|
For Sale/TVs From Craigslist |
|
TVs From Craigslist, are images of the screens of TVs for sale I found on Craigslist. With hints of the seller’s interior space reflected in them, they offer inadvertent glimpses of intimacy and function as self-portraits of the sellers (the camera’s flash announcing the seller’s presence in the image). These unconsidered images almost seem like pleas for attention. If you look closely you can find, hidden in them, little gestures of private exposure to the great anonymous "out there". I isolate the site of these gestures to expose the promise, and ultimate absence, of intimacy that the internet fosters. I download the images, crop all but the screen, enlarge each to scale and print an edition of 2 of each (the prints range in size from 8"x10" to 16"x20").

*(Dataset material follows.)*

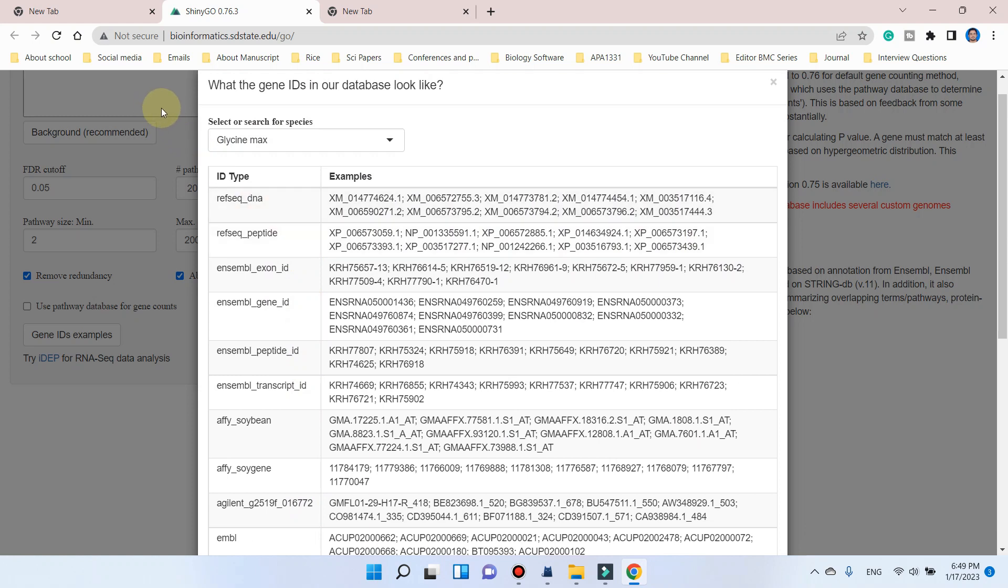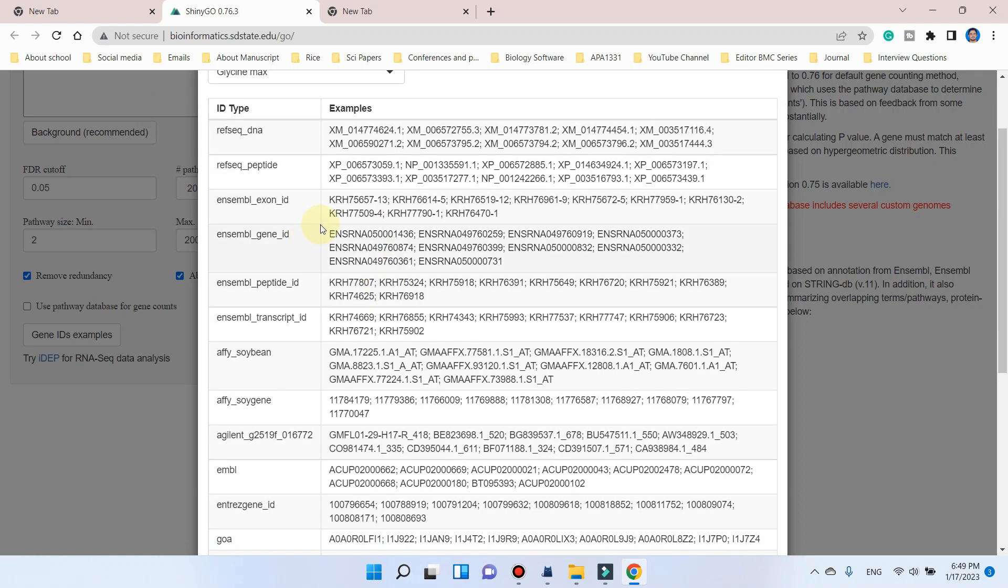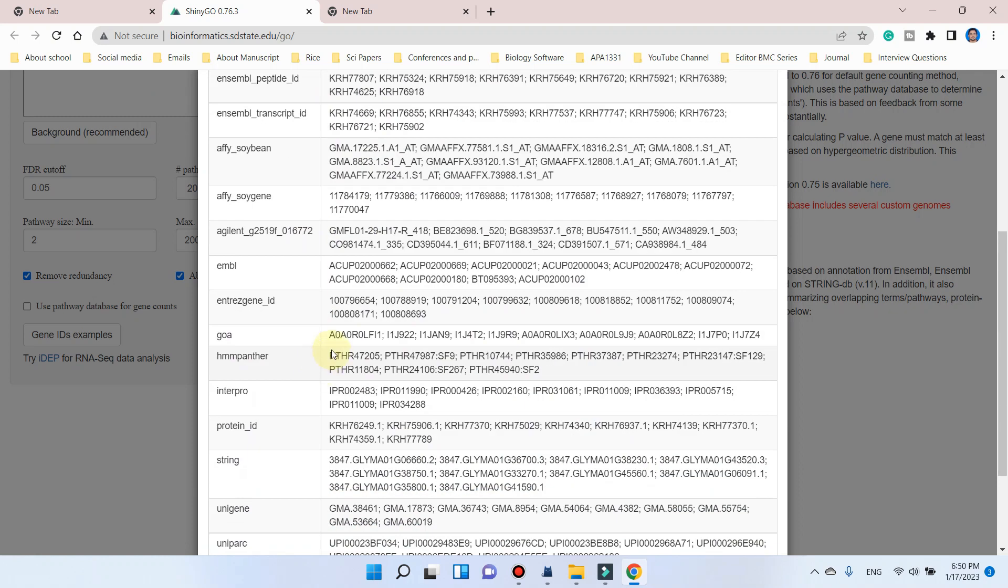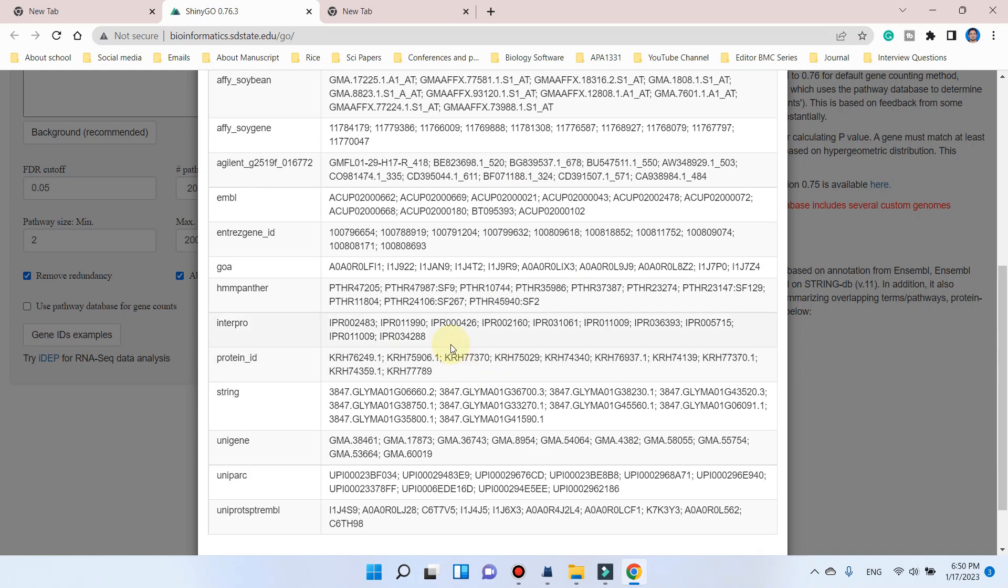It means that if you want to perform gene enrichment analysis using this ShinyGO tool, first you need to convert your gene IDs to any of these formats. For this, if your list is not big, you can change your genes one by one using BLAST tool or using any other ID converter tools. But at the end, you should have any of these formats so that your gene IDs can be accepted by this tool.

During an exhibition, I upload the images to Craigslist (http://www.craigslist.org) in the city the exhibition is taking place and list them under the heading "TVs for sale". There, the first edition of each of the prints is available for purchase for the price of the original TV (ranging anywhere from $10-$300). The second edition becomes available for purchase at gallery prices after the Craigslist edition is sold. As a kind of public art TVs From Craigslist utilizes the public domain both for its content and its context. On Craisglist, the work is a collaboration between the artist and the gallery, addressing issues of exchange: how differently a piece works on the internet than it does in real time/space, and what happens to the perceived value of a work, and its meaning, when it is transcribed from web-based media to print-based media, and visa-versa. There the juxtaposition of the art market with a consumer market engages an unsuspecting consumer public and asks it to consider the value of an art object (made from its own visual vocabulary) to be as worthy of their attention as the consumer object they hope to acquire.